Gerda Maria Ahlm (May 24, 1869 – 1956) was a Swedish-born painter and art conservator.

==Biography==
Gerda Maria Ahlm was born in Västerås, Sweden. She studied at the Royal Swedish Academy of Art in Stockholm (1889-91) and later studied etching with the engraver Axel Tallberg (1896). She made several trips around Europe for further study in the years between 1892 and 1900. She studied at the Académie Colarossi in Paris and traveled in Italy, England, Norway, and Belgium.

Becoming interested in restoring art, she trained in art conservation with F. C. Sessig at the Alte Pinakothek in Munich. Her skill and reputation were such that she gained a number of important commissions, including restoring family portraits belonging to Queen Victoria of Sweden.

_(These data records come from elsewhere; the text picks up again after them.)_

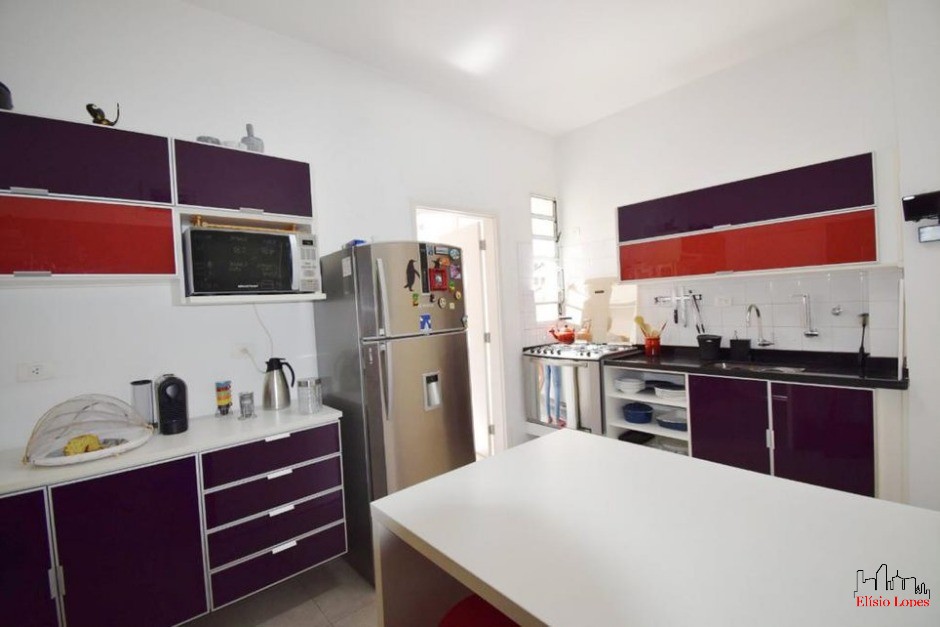 Apartamento, 2 quartos, 118 m² - Foto 9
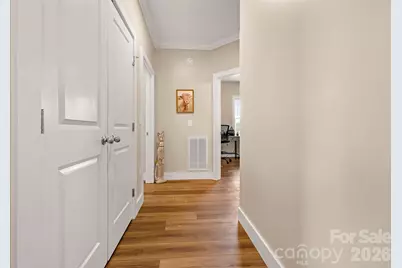 457 Edwards Street Extension, Rutherfordton, NC 28139 - Photo 18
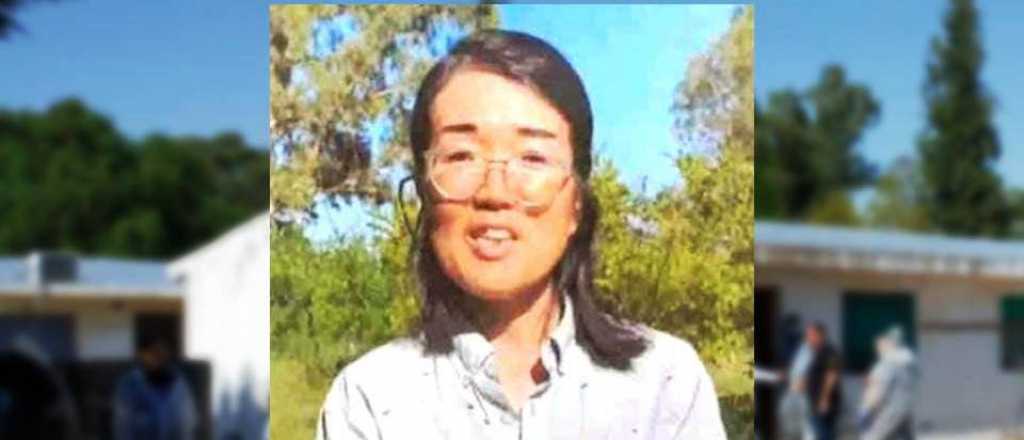 Perpetua para un surcoreano que mat&oacute; a su novia en San Mart&iacute;n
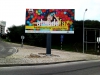 Painel Almada
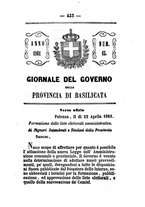 giornale/BVE0269773/1860-1861/unico/00000441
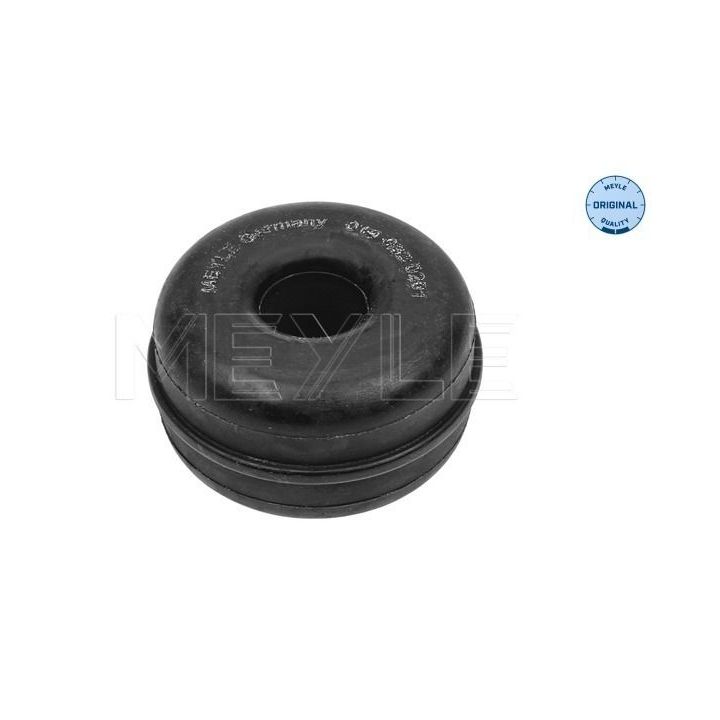 Atraminis buferis, pakaba MEYLE 014 032 0201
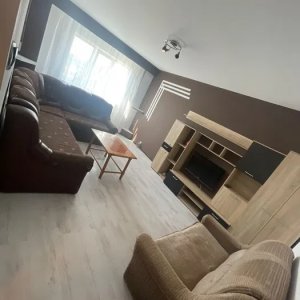 Apartament 3 camere, Gavana 3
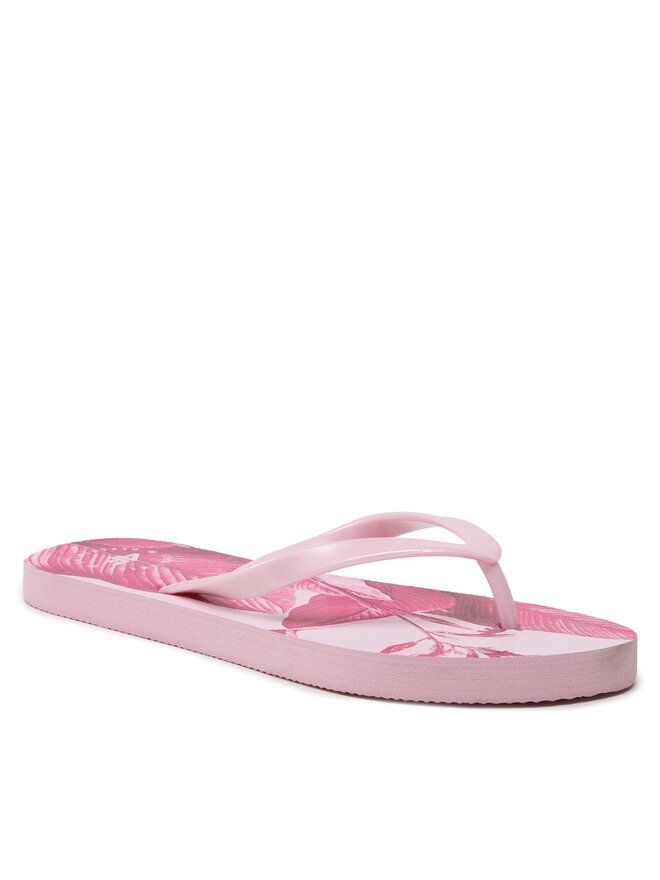 4F Japonke 4F 4FSS23FFLIF060 Roza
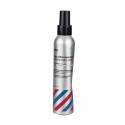 Spray coiffant texturant BIO - Imparfait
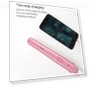 Mini Hair Straightener — Straighteners, Xiaomi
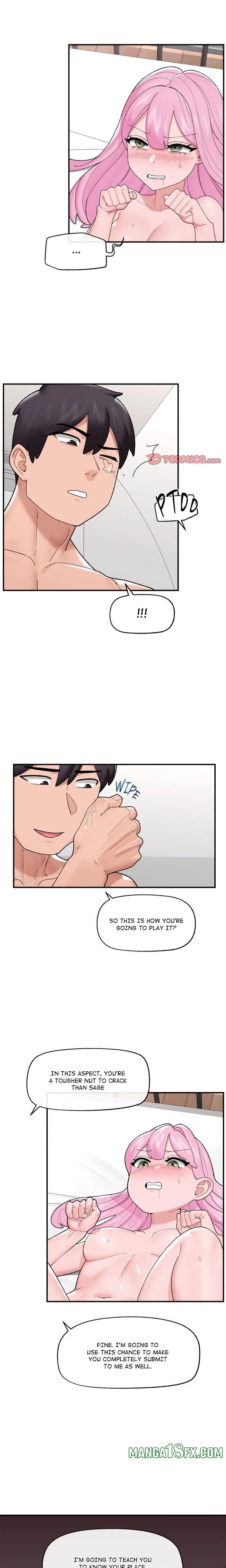 Chapter 43, page 6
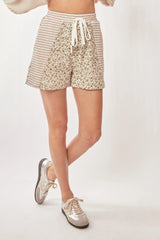 Nylah Shorts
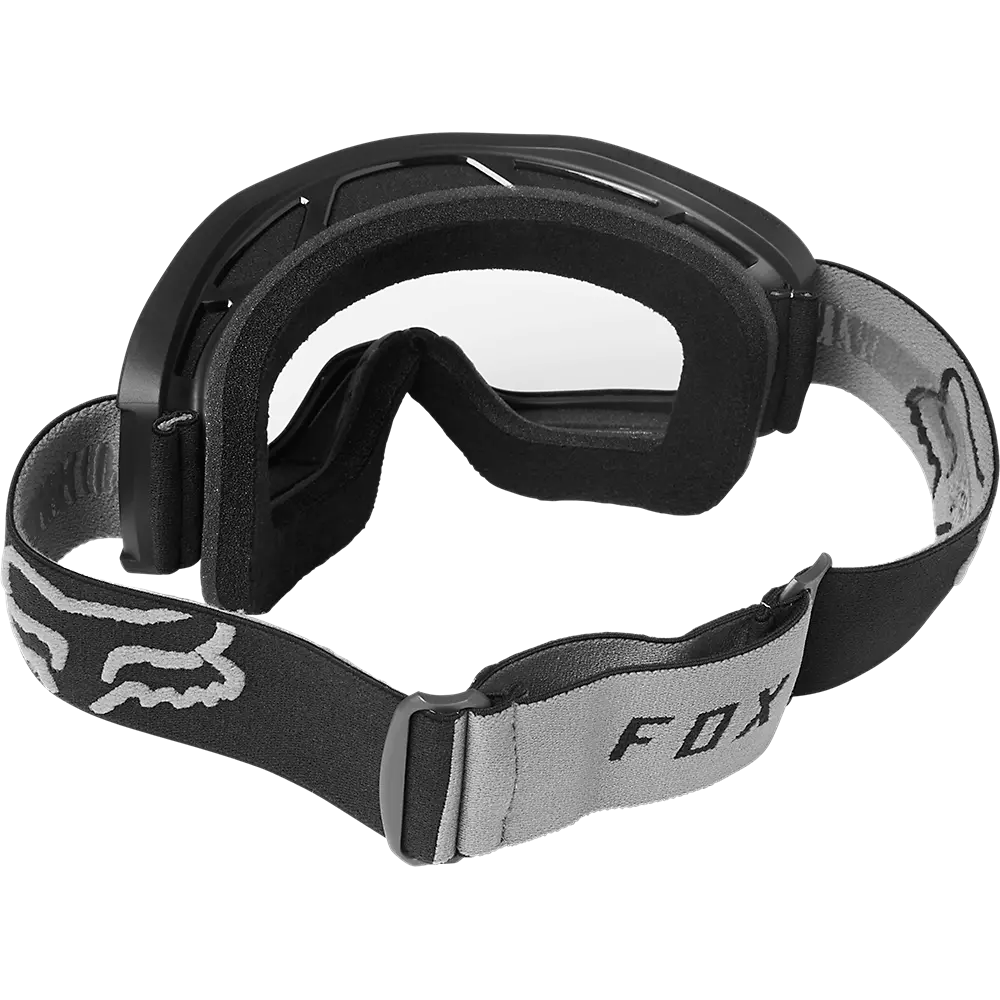 fox goggles main Fox Racing Main Stray Goggle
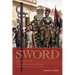 Sword of Empire: The Spanish Conquest of the Americas from Columbus to Cortés, 1492-1529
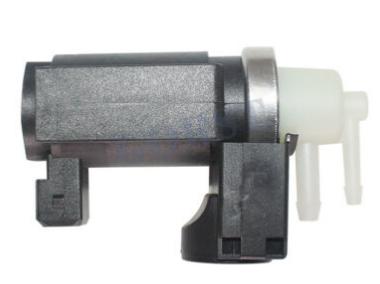 电磁阀 35120-2A900 带磁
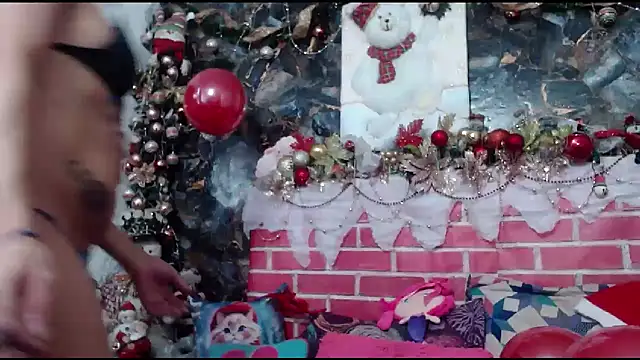 Snapshot of DesireDirtyTS__ chatting on November 22, 11:42 am DesireDirtyTS online show from November 22, 11:42 am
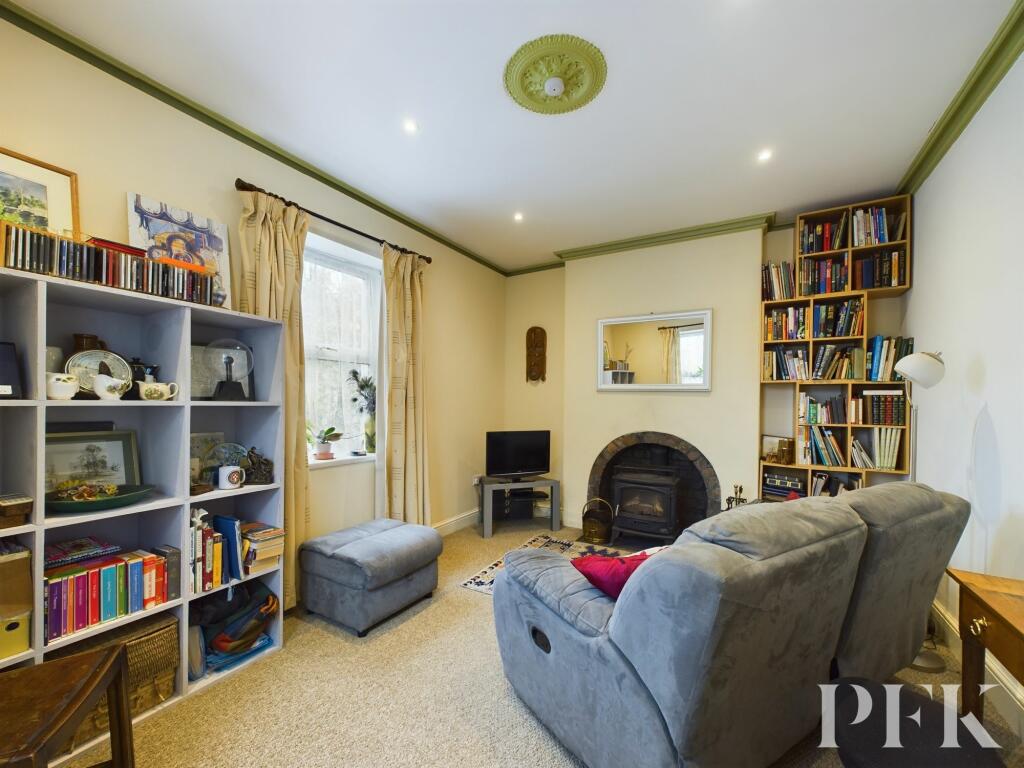 Additional image 4 of Whinfell Terrace, Tebay, CA10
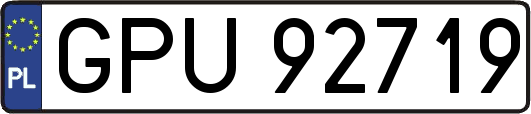GPU92719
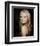 Kate Bosworth-null-Framed Photo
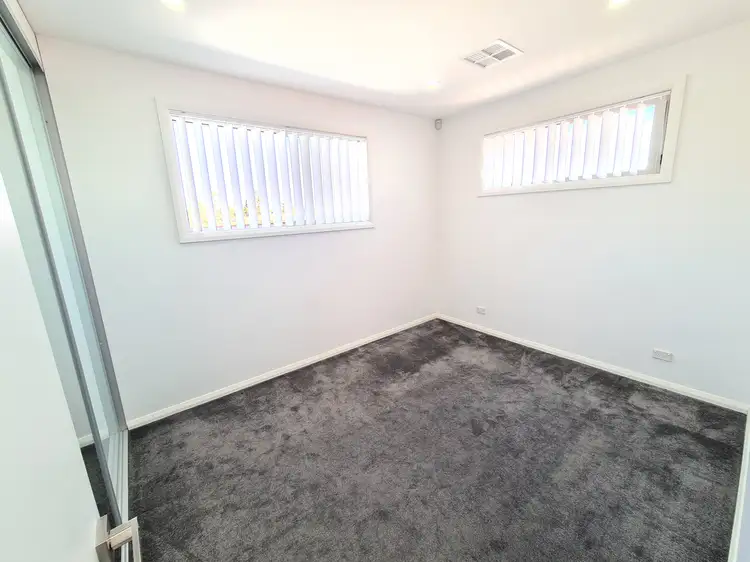 Seventh view of Homely house listing, 16B Boundary Road, Liverpool NSW 2170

In 1903, she emigrated to the United States and took up a position as assistant restorer at the Metropolitan Museum in New York. She eventually settled in Chicago, where she worked as an art conservator for the Art Institute of Chicago as well as other art institutions and private collectors, becoming one of her adopted country's top conservators. She continued to exhibit her own paintings of landscapes, domestic interiors, and portraits of women executed in a loosely Impressionist style.

Ahlm was a member of the Swedish women's association Nya Idun.